A Broadway do

Hairspray provides a musical bridge over John Waters.


HAIRSPRAY

The 5th Avenue, 1308 Fifth, 292-ARTS, $16-$58 7:30 p.m. Sun. and Tues.-Thurs.; 8 p.m. Fri.-Sat.; 2 p.m. matinees Sat.-Sun.; no performance Thurs., June 20 ends Sun., June 23


AFTER THE RECENT decade of atrocious “pop moment”-to-stage musical transformations (terrifying adaptations of Fame, Footloose, Saturday Night Fever, and let’s just back quietly away from that frothing Copacabana over in the corner . . . ), no one had any right to expect that a John Waters film could safely find its way to a genre in which the corn is as high as an elephant’s eye. But Hairspray, which had its world premiere at the 5th Avenue Theatre last week and heads for the Great White Way later in the summer, is the real thing: honest, unprefabricated joy that sends a crowd out remembering a fat girl who trills “this morning life was like a fairy tale/Now I can’t make bail.”

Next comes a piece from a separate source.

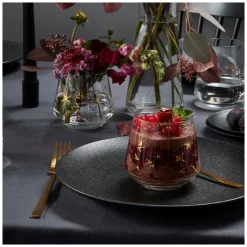 Ritzenhoff CELEBRATION DELUXE WHISKY TUMBLER-SET  #3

To be fair, Hairspray, the film, is the most accessible of Waters’ trash canon; there is no dog-shit eating, no incestuous blow jobs, none of the singing butt holes of his most notorious work to cloud its happy horizons. There’s just Tracy Turnblad, a perky overweight teen in early ’60s Detroit who dreams of conquering the local TV dance show and spooning with its hunky leading lad (oh, the dance show is segregated, and her mom is a man in a dress, but, you know, it’s all very sweet).

Hairspray, the musical, catches Waters’ irreverent puncturing of white-bread culture and expands on it with a bouncy finesse that punctures the white-bread culture of the American musical itself. Anyone who craves the singular theatrical thrill that only a musical can provide should be hugging themselves until they bleed, but perhaps the show’s sneakiest triumph will be its appeal to those guiltier audience members: people who hate to love musicals and vice versa. The show, Simpsons-style, lampoons the idea of a Broadway tunefest while raising your spirits as a Broadway tunefest.

Tracy (Marissa Jaret Winokur, a bubbling comic dynamo) first appears pinned to a vertical pink bedroom set, belting out “Good Morning Baltimore,” a tone-perfect ’60s girl-group-sounding song in which she confidently maintains that “the rats on the street” seem to say, “Tracy, it’s up to you!” And it’s sprightly, subversive showstopping from there. Despite the initial discouragement of her mother, Edna (Harvey Fierstein, having the most fun he’s had in years), Tracy follows her heart and not only gets a spot on the Corny Collins Show but, due to the friendships with black students that she meets in detention, eventually determines to break the program’s racial barrier. The show’s sponsor, nervous hairspray magnate Harriman F. Spritzer (Joel Vig), becomes concerned about “that chubby Communist girl” and so does the producer, Velma Von Tussle (Linda Hart, doing a fab riff on Cruella De Vil), who doesn’t want the spotlight taken from her daughter, Amber (a sweetly venomous Laura Bell Bundy).

The show so successfully works as it should that you almost don’t want to pick it apart and display its inner workings. From David Rockwell’s loopy, ecstatic, ’60s Warner Bros. cartoon sets to William Ivey Long’s costume flourishes to the candy-colored lighting of Kenneth Posner, the technical production comes together as a seamless whole. Credit first, though, composer Marc Shaiman and his co-lyricist Scott Wittman, whose work is catchy, sometimes acidly funny, and every soaring thing a Broadway song should be. Director Jack O’Brien, fresh off his work on the musicalization of The Full Monty, takes the superlative technical craft and uses it to create a production that unfolds as a series of delirious crescendos. Musical numbers, courtesy of Jerry Mitchell’s choreography and the performers’ obvious delight, hit the ceiling again and again; Corey Reynolds, as Tracy’s new friend Seaweed J. Stubbs, memorably inspires her to “Run and Tell That” in a terrific Motown-ish finger-snapper.

Any complaints? Sure. Fierstein’s famous rasp sometimes descends into an indiscernible garble, and everybody’s vocals are big but not always distinct. The long first act could’ve used a little more of Mark O’Donnell and Thomas Meehan’s clever book and fewer songs. The half- serious/half-joking balancing act the show sustains for most of its length finally falters when the production gives in and hands Seaweed’s mother, Motormouth Maybelle (a rousing Mary Bond Davis), a straight-faced gospel number that may as well have been “You’ll Never Walk Alone.”

None of the above will keep you from the immense enjoyment of the evening. Hairspray has only a few more performances left—now run and tell that.